Interesting properties (with applications such as optics, electronics, tribologics…) occur as we increase the dimensions by
varying the topology from a practically smooth surface to a system composed of a periodic arrangement. Self-organization of nanoscale surfaces with application in wettability, laser marking and color coding for
counterfeiting, are several examples of this kind.
Alongside an ample fundamental effort to unravel the so far elusive formation mechanisms is performed worldwide.
In line with these efforts, we propose an investigative approach with dual characteristics:
a dynamical study of primary excitation mechanisms with the potential to interrogate present hypothesis,
secondly a laser control approach is proposed in order to significantly improve the quality of surface structures.
The project is based on a franco-romanian collaboration with expertise in material design by laser engineering.
The partnership has recently started in the framework of Bilateral Cooperation Egide Program "Brâncusi".
Building on this, an approach is proposed in the work packages to improve functionalities to surfaces by laser
nanostructuring. Numerous studies have demonstrated the capabilities of ultrashort laser pulses to perform ripples
on surface and in the bulk of a large class of materials. A strong sensitivity to laser polarization is noted supposedly
due to plasmonic responses but this hypothesis fails to explain all the different observed behaviours.

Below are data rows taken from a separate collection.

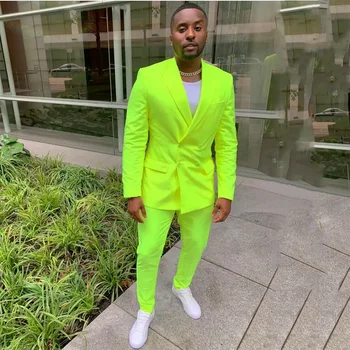 Floresan Yeşil Erkek Takım Elbise Iş Rahat Parti Slim Fit Kruvaze Tepe Yaka 2 Parça (Ceket + Pantolon) kostüm Homme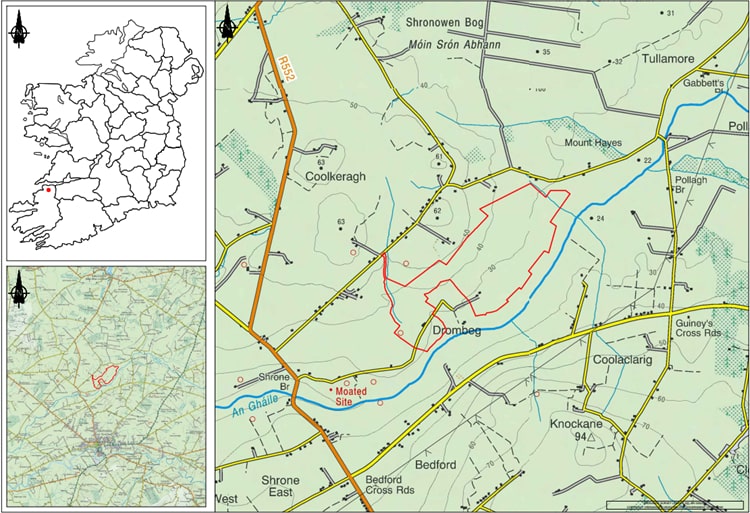 map image with 3 different zoom levels, biggest pane showing Drombeg site based between Knockane, Coolkeragh and Mount Hayes.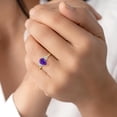 thumbnail image 2 of PEORA 14K Yellow Gold Pear Shape Amethyst and Lab Grown Diamond 3 Stone Trellis Ring, 1.30 Carats total, Size 9.5, 2 of 5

Several questions and issues remain concerning the wavelength, the orientation and the contrast dependence of the surface
pattern on laser parameters, and the incubation effects. They are still to be solved to optimize the properties of such
periodically ordered systems. A better understanding of all of the different mechanisms (laser coupling, excitation,
and self-arrangement) is needed to control ultra-fast laser action by the appropriate choice of material properties and
laser parameter. The objectives of this 3 year program are to improve our knowledge on their mechanisms of formation to
allow us to figure out the ultrafast irradiation conditions to achieve more desired pattern.
Transient optical properties, plasmonic and capillarity effects will be probed in order to adapt the temporal characteristics
of the laser excitation, to the material response.
At the end, the challenge will be to develop a fast and reproducible nanostructuring process,
and to found the limits of such technique in terms of smaller size structure, high contrast and highest accuracy.
The proposal intends to first develop a time-resolved in-situ evaluation means for laser-induced optical change and thermal
effects. A second line of research includes the fundamental aspect deriving from the plasmonic coupling,
the electron-phonon nonequilibrium stage, the subsequent sequence of phase transformation and finally the surface
dynamics via surface tension gradients. A pachet of numerical simulations of the resulting laser effect based on
Quantum Molecular Dynamics and hydrodynamic approach will accompany the study.
Engineering aspects by temporal design of laser fields to control the material excitation and the "self-organization"
of nanoscale surfaces will be considered at the end of the project. Further steps will be taken into transforming
these evaluation/control means into high resolution pulse shaping devices that can be implemented in industrial environments.